* _PROBLEM TO WORK ON_
All of the data must be output exactly, with every picture left out.

* _GIVEN MATERIAL_
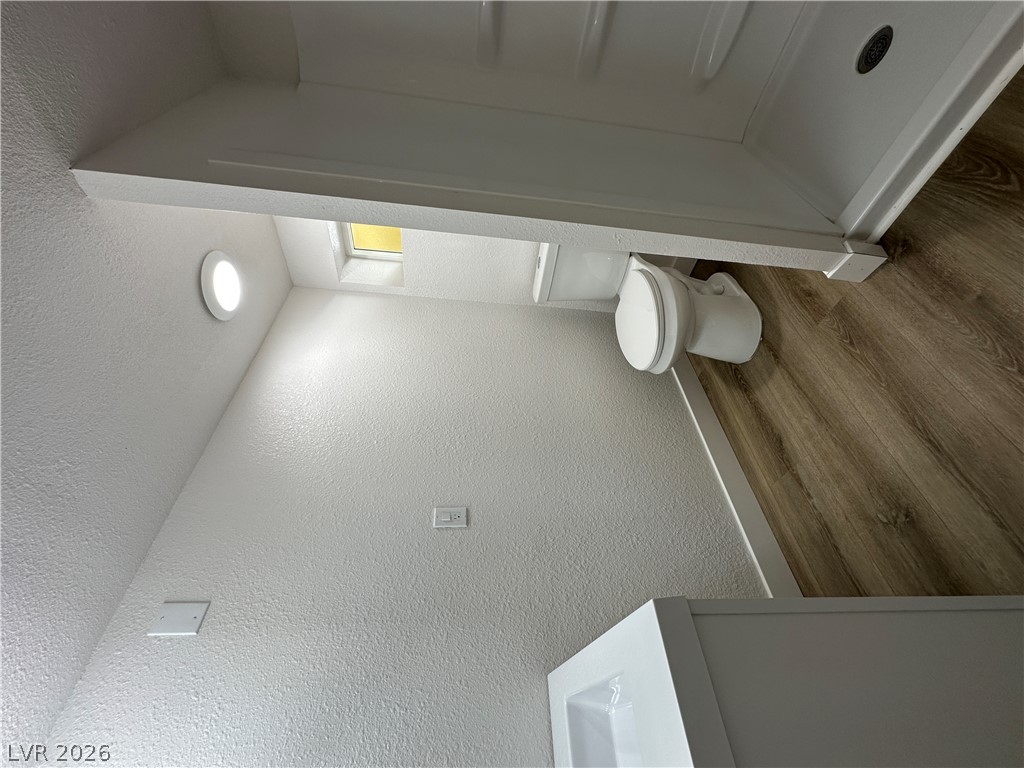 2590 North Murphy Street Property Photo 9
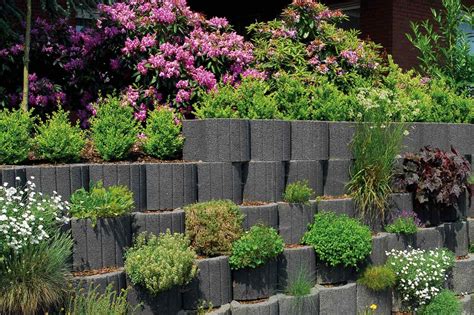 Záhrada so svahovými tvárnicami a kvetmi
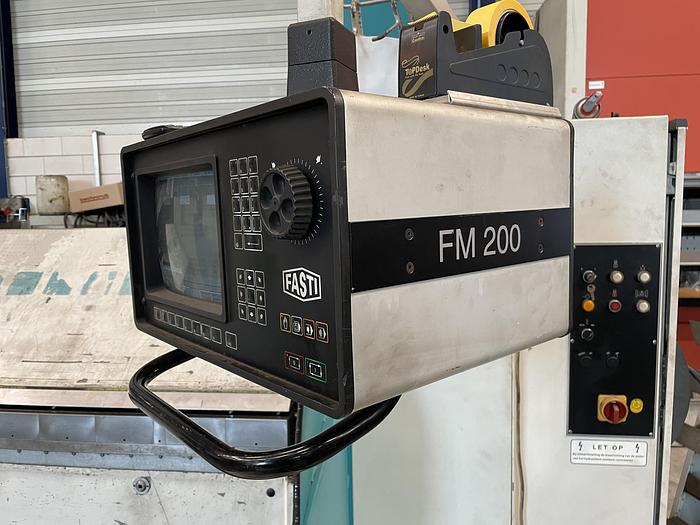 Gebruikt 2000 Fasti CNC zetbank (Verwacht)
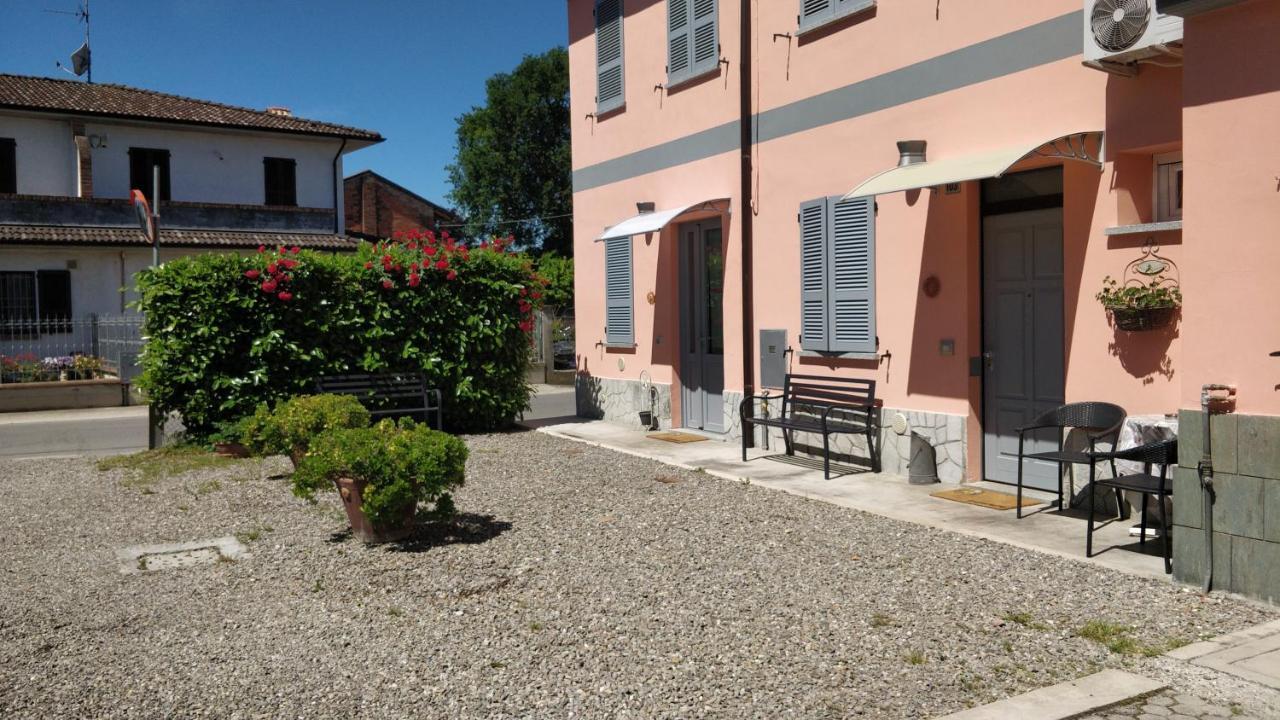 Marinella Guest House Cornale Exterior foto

* _SOLUTION TO THIS PROBLEM_
 2590 North Murphy Street Property Photo 9
 Záhrada so svahovými tvárnicami a kvetmi
 Gebruikt 2000 Fasti CNC zetbank (Verwacht)
 Marinella Guest House Cornale Exterior foto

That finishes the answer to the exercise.